Re: FDW INSERT batching can change behavior

From: Tomas Vondra <tomas(at)vondra(dot)me>
To: Jason Kim <git(at)jasonk(dot)me>, pgsql-bugs(at)lists(dot)postgresql(dot)org
Subject: Re: FDW INSERT batching can change behavior
Date: 2024-08-13 12:12:27
Message-ID: ef565ecb-4807-491c-8eb7-577eab6522aa@vondra.me
Views: Raw Message | Whole Thread | Download mbox | Resend email
Thread:
Lists: pgsql-bugs

On 8/13/24 06:57, Jason Kim wrote:
> On 2024-08-09T21:55:00+0200, Tomas Vondra wrote:
>> Yeah, we don't seem to check for this. I don't recall if it didn't occur
>> to me we could have DEFAULT on the foreign table.
>>
>> We could/should disable batching, but I'm not quite sure what exactly to
>> check. AFAIK this can happen only when there are default expressions on
>> the foreign table, so maybe that? Or maybe only when the DEFAULT calls a
>> volatile function?
>
> I didn't bother checking, but if CHECK constraints can call volatile functions,
> that is another avenue for differing behavior.
>

While we technically allow volatile functions in CHECK constraints, the
documentation [1] says:

PostgreSQL assumes that CHECK constraints' conditions are immutable,
that is, they will always give the same result for the same input row.

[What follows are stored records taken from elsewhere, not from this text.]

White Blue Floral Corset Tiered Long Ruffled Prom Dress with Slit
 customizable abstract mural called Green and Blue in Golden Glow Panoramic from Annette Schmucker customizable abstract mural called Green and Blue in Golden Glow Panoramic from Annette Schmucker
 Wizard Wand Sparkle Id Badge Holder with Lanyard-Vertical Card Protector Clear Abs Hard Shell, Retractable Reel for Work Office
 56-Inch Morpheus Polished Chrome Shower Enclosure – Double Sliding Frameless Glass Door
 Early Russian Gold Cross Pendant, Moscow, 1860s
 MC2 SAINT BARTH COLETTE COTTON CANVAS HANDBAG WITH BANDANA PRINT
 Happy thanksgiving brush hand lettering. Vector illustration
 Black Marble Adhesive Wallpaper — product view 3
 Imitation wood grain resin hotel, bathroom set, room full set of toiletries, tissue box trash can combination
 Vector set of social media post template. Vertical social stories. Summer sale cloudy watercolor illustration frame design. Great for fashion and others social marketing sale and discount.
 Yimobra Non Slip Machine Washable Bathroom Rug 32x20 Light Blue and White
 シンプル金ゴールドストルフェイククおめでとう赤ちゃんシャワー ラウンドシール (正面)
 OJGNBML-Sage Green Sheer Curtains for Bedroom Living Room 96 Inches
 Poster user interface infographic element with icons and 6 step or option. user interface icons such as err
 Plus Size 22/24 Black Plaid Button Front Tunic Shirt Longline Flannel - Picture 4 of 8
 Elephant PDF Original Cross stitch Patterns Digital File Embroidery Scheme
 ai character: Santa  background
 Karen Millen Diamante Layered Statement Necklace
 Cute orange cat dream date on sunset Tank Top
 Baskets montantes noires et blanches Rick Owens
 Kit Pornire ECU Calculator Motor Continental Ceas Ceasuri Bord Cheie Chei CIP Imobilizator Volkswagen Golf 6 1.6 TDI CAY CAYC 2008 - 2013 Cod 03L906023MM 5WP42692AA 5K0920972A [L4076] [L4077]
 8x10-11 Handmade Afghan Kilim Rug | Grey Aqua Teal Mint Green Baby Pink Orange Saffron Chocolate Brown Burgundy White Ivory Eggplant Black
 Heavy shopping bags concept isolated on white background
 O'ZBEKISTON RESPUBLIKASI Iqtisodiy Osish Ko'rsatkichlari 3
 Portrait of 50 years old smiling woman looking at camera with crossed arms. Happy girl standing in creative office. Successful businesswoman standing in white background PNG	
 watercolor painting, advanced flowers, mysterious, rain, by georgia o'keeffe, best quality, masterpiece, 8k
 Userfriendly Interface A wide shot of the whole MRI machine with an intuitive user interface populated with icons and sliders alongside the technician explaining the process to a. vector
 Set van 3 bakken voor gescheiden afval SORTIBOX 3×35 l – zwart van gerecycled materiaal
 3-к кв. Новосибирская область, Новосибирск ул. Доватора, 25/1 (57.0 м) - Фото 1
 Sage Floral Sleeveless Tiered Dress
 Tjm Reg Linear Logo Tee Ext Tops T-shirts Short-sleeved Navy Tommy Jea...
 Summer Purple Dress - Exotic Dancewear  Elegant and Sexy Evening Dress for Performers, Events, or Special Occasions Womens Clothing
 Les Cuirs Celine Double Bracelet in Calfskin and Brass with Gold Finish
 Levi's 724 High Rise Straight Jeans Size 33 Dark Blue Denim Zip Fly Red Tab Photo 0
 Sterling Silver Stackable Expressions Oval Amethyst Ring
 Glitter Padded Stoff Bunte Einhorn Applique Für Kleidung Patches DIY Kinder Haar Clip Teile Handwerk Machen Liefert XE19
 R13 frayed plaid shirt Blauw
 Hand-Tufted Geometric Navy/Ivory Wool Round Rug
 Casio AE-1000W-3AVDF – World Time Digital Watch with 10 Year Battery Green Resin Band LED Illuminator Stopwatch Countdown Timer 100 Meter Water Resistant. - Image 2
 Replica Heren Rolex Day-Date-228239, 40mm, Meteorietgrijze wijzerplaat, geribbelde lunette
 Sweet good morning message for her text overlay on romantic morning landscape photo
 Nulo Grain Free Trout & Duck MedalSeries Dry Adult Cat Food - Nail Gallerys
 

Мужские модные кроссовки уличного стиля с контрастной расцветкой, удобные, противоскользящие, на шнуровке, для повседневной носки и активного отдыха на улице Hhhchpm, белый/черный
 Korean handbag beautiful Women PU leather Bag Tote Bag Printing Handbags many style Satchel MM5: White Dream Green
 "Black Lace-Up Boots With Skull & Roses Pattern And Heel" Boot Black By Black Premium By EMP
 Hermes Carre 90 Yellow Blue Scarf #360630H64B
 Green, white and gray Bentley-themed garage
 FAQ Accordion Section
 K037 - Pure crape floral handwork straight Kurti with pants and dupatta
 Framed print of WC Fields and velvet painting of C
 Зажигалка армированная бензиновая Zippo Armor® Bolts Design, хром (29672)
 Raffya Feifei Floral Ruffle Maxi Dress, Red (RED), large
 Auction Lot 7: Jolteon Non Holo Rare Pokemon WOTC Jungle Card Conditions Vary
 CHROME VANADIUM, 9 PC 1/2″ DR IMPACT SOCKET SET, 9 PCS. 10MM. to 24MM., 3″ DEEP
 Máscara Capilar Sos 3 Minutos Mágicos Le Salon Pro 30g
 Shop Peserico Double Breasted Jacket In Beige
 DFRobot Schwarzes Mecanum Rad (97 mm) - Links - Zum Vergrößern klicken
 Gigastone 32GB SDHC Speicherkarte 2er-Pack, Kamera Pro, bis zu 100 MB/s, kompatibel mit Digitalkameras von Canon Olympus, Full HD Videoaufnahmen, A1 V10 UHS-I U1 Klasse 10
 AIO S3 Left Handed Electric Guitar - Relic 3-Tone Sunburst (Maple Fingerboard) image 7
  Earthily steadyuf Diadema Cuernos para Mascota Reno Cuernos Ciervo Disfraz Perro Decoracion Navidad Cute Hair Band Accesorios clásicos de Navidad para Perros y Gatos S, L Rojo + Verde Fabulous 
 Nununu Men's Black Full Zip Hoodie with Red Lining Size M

So the expectation is that CHECK only calls immutable stuff.

[1] https://www.postgresql.org/docs/current/ddl-constraints.html

> Here is a completely different example concerning the way batches to different
> partitions are flushed per-partition resulting in out-of-order insertion:
>
> CREATE EXTENSION postgres_fdw;
>
> CREATE SERVER testserver1 FOREIGN DATA WRAPPER postgres_fdw;
> DO $d$
> BEGIN
> EXECUTE $$CREATE SERVER loopback FOREIGN DATA WRAPPER postgres_fdw
> OPTIONS (dbname '$$||current_database()||$$',
> port '$$||current_setting('port')||$$'
> )$$;
> END;
> $d$;
>
> CREATE USER MAPPING FOR CURRENT_USER SERVER loopback;
>
> create table itrtest (a int) partition by range (a);
> create table loct1 (a int check (a % 100 != 3));
> create foreign table remp1 (a int check (a % 100 != 3)) server loopback options (table_name 'loct1');
> create table loct2 (a int check (a % 100 != 3));
> create foreign table remp2 (a int check (a % 100 != 3)) server loopback options (table_name 'loct2');
> alter table itrtest attach partition remp1 for values from (1) to (100);
> alter table itrtest attach partition remp2 for values from (101) to (200);
>
> insert into itrtest values (1), (2), (101), (103), (3);
> truncate itrtest;
> alter server loopback options (add batch_size '3');
> insert into itrtest values (1), (2), (101), (103), (3);
>
> The first insert (non-batched) gives
>
> ERROR: new row for relation "loct2" violates check constraint "loct2_a_check"
> DETAIL: Failing row contains (103).
> CONTEXT: remote SQL command: INSERT INTO public.loct2(a) VALUES ($1)
>
> But the second insert (batched) gives
>
> ERROR: new row for relation "loct1" violates check constraint "loct1_a_check"
> DETAIL: Failing row contains (3).
> CONTEXT: remote SQL command: INSERT INTO public.loct1(a) VALUES ($1), ($2), ($3)
>
> This is because (103) is queued up in the batch and not actually inserted.
> There might be a more severe example than this, but I did not think too much
> about it.
>

I agree this is a bit annoying, because it makes the observed error a
bit unpredictable. But as long as it does not allow inserting rows
violating the CHECK constraint, I wouldn't call this a bug.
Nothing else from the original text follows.